Fixing bikes, enhancing community

PHOTO BY LIBBY JAMES. Volunteers Tim Blythe, Don Picard, manager Justin Mohar, Tim Anderson and Jeff Sweet with the Fort Collins Bicycle Co-Op.

If you live in Fort Collins and want or need a bike, you are in luck. Even if you don’t have two pennies to rub together, you can have a bicycle built especially for you, as long as you are willing to put in a few hours of labor for a local non-profit organization.

That’s because a dedicated manager, several part-time employees and a corps of loyal volunteers at the Fort Collins Bike Co-op will make it possible. “We couldn’t do this if Fort Collins weren’t the bike friendly community that it is”, said general manager Justin Mohar.

The Co-op got its start in 2003 when Rafael Cletero began repairing bikes in his garage. A few friends and neighbors got curious and asked him for help. Before he knew it, his garage was overflowing with bikes and parts, and he had to put a sign on his door in order to limit his working hours. Soon he moved to larger quarters and named his enterprise the Bike Against Collective. Soon the city began to wonder whether or not he was an official business and solved that problem by becoming involved and encouraging his work by suggesting he become a non-profit 501(c)(3) organization.

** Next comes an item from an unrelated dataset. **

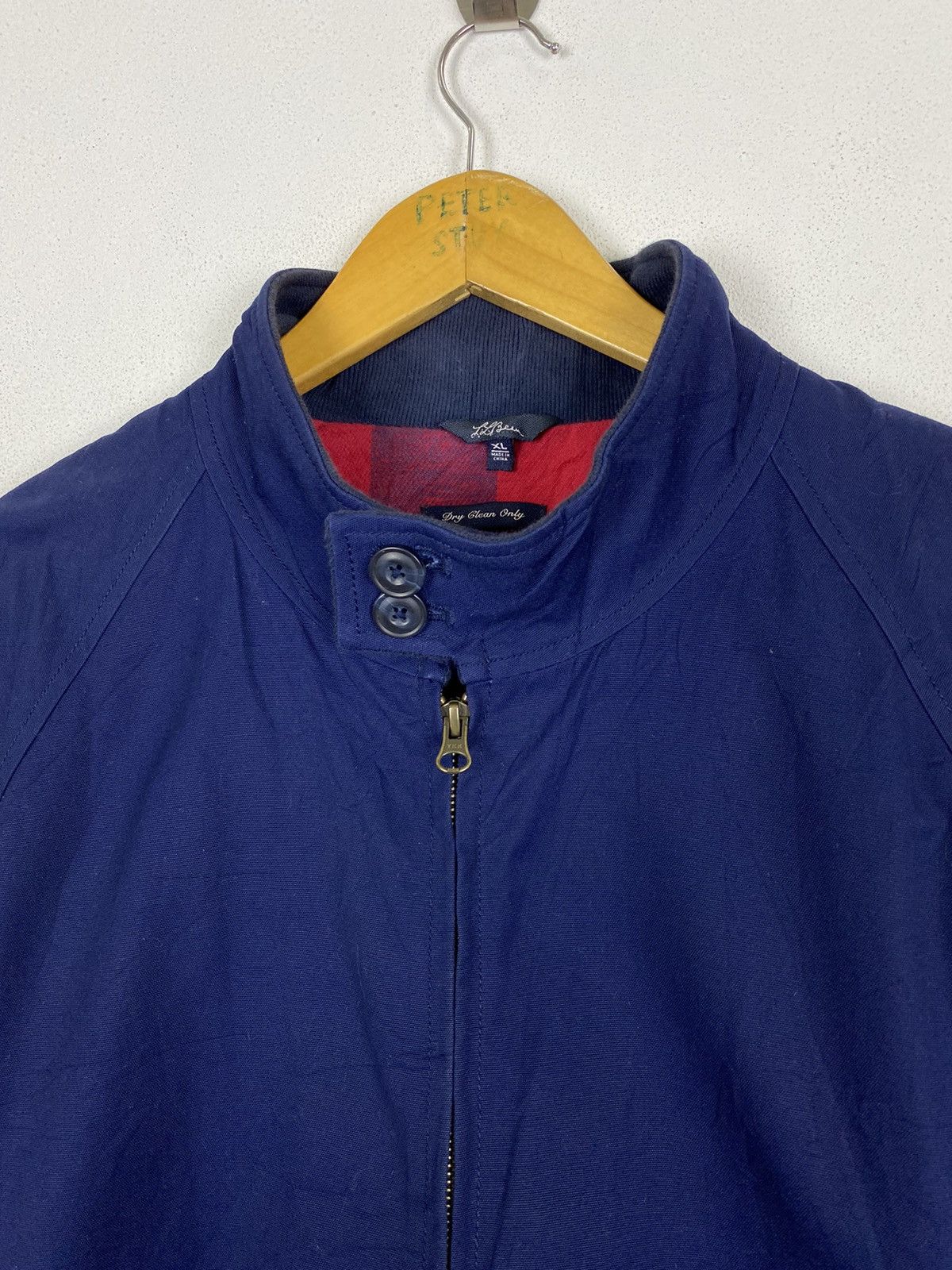 L.L. Bean L.L BEAN CASUAL MAN’S JACKET Size US XL / EU 56 / 4 - 4 Thumbnail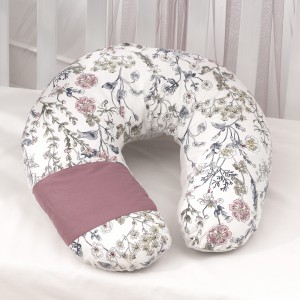 Abo Μαξιλάρι θηλασμού Flower garden (2603-230) Abo Μαξιλάρι θηλασμού Flower garden (2603-230)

The Collective became the Fort Collins Bicycle Co-op. It was located at 331 N. College Avenue until they acquired the property at 1501 N. College, formerly a recycling operation. With two buildings covering 4,000 square feet and a large outdoor area, the Co-op has plenty of room for bike and parts storage, a spacious and well-lighted work area, and an inviting retail space at the front of the shop.

PHOTO BY LIBBY JAMES. A bike mounted on the outside wall of the Fort Collins Bicycle Co-Op.

Between 80 and 120 volunteers give their time in the course of a year, according to Mohar. They range from newbies who have no knowledge of bike mechanics to “bike geeks” who spend time at the shop three or four days every week. Most are retired and have loved bikes all their lives. Several were bike racers. On one visit, a retired software engineer was working away in the back room, and a couple of dentists were still enjoying precise tinkering, just not in people’s mouths. They were obviously enjoying the camaraderie as they worked to make a contribution to the welfare of the biking community.

Mohar, who has ridden a bike since college days at the University of Wisconsin, admits that if he had to give up either riding or working on bikes, he’d quit riding. He began as a volunteer at the Bike Co-op in 2007 and has been managing the place for the last six years.

He calls the shop’s Earn-a-Bike option its flagship program. A person in need of a bike can earn one by devoting between 10 and 20 hours of labor to a local non-profit. An alternative “midway” program makes it possible for someone to receive an “as is” bike and then tune it up by paying an hourly fee and working with a volunteer mechanic to do the necessary repairs on their bike. Other customers choose to acquire a bike and pay it off by doing chores at the shop.

A “mechanic service” offers anyone in the community a course in bicycle repairs as they work on their own bikes supervised by a mechanic. Fee for this service is $12 an hour.

The retail arm of the business supports these programs. Used bicycles are repaired, refurbished, tuned up and offered for sale. All bikes in the shop have been donated by members of the community. The shop never buys a bike or even makes a trade; they only take donations. The retail portion of the business also carries a complete line of bicycle parts and accessories, shoes and clothing.

“Because we have a different clientele and business model, we are no threat to the traditional bike shops in the community,” Mohar explained. “Sometimes they send us customers, and we send customers to them. Some of our employees and volunteers have worked in local bike shops, so we have friendly relations with them.”

About four years ago, a “Women’s Wrenching Night” was instituted at the shop. It is a class in bicycle repair and maintenance conducted by women and only open to women and the LGBTQ community. “It’s a chance for people to learn about bike mechanics in a safe and comfortable environment,” Mohar said. “It has been very popular”.

Recycling is an important aspect of the business. They break down hundreds of bikes every year, salvaging the useable parts and sending damaged wheels and frames to a metal recycling business conveniently located next door to them on College Avenue. They take donations of any bikes and parts and do their best to reuse and/or recycle them.

The business is responsible to an active and supportive board of directors. The shop does not advertise but welcomes customers and volunteers even if they have no experience with bicycle repair. Their new quarters will allow them to expand this summer in order to provide more mechanic services. Sometimes, in the busy summer months, there is a waiting line for help.

The Bike Co-op has an important and expanding role in contributing to Fort Collins’s reputation as a bike friendly community.